→ **Material for this task**
>>>>
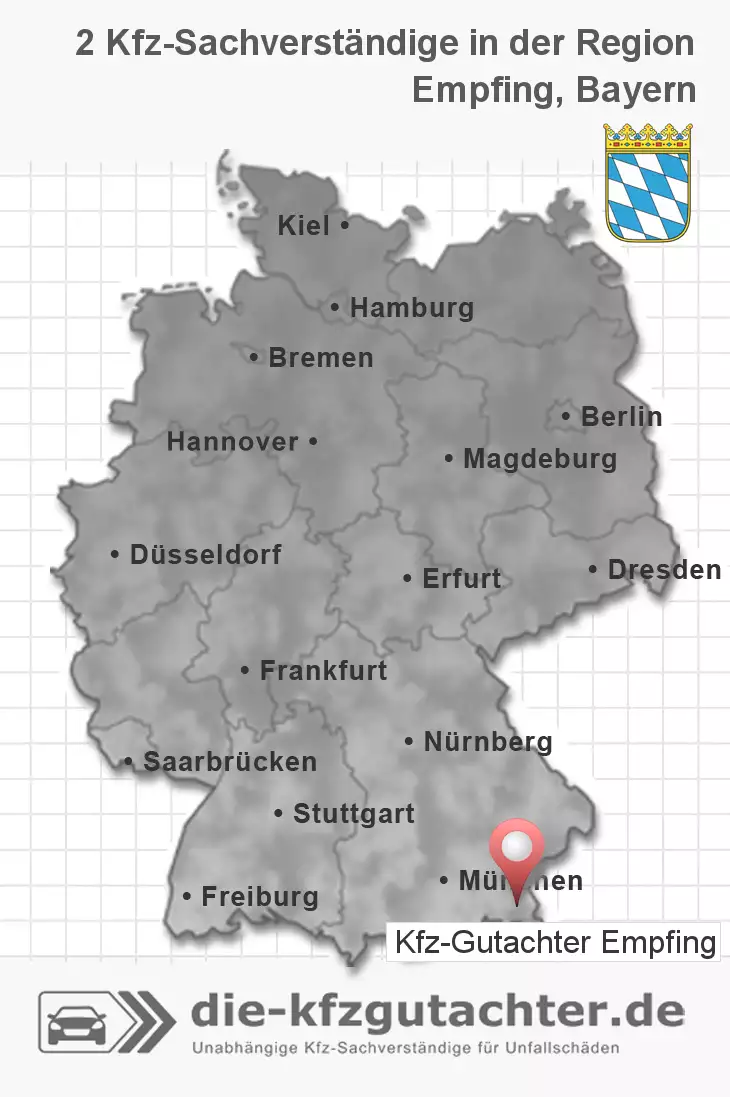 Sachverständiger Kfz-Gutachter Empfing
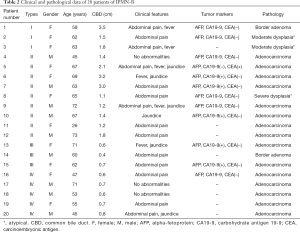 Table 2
<<<<
>>>>
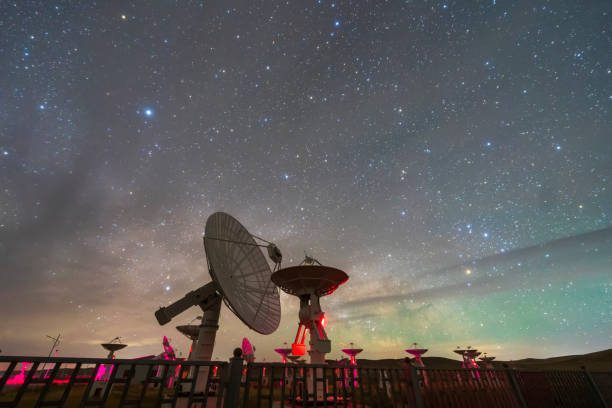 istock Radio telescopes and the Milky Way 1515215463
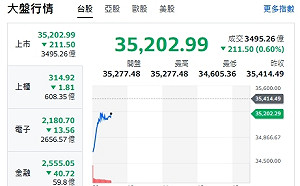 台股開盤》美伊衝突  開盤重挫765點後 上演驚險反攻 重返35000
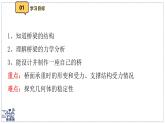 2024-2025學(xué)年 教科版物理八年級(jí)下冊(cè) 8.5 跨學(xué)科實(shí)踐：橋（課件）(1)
<<<<
→ **Your goal**
When copying from the data above, print only the lines from the line containing "istock Radio telescopes" to the line containing "2024-2025學(xué)年 教科版物理八年級(jí)下冊(cè) 8.5", exactly, and leave the pictures out.

→ **Task result**
 istock Radio telescopes and the Milky Way 1515215463
 台股開盤》美伊衝突  開盤重挫765點後 上演驚險反攻 重返35000
 2024-2025學(xué)年 教科版物理八年級(jí)下冊(cè) 8.5 跨學(xué)科實(shí)踐：橋（課件）(1)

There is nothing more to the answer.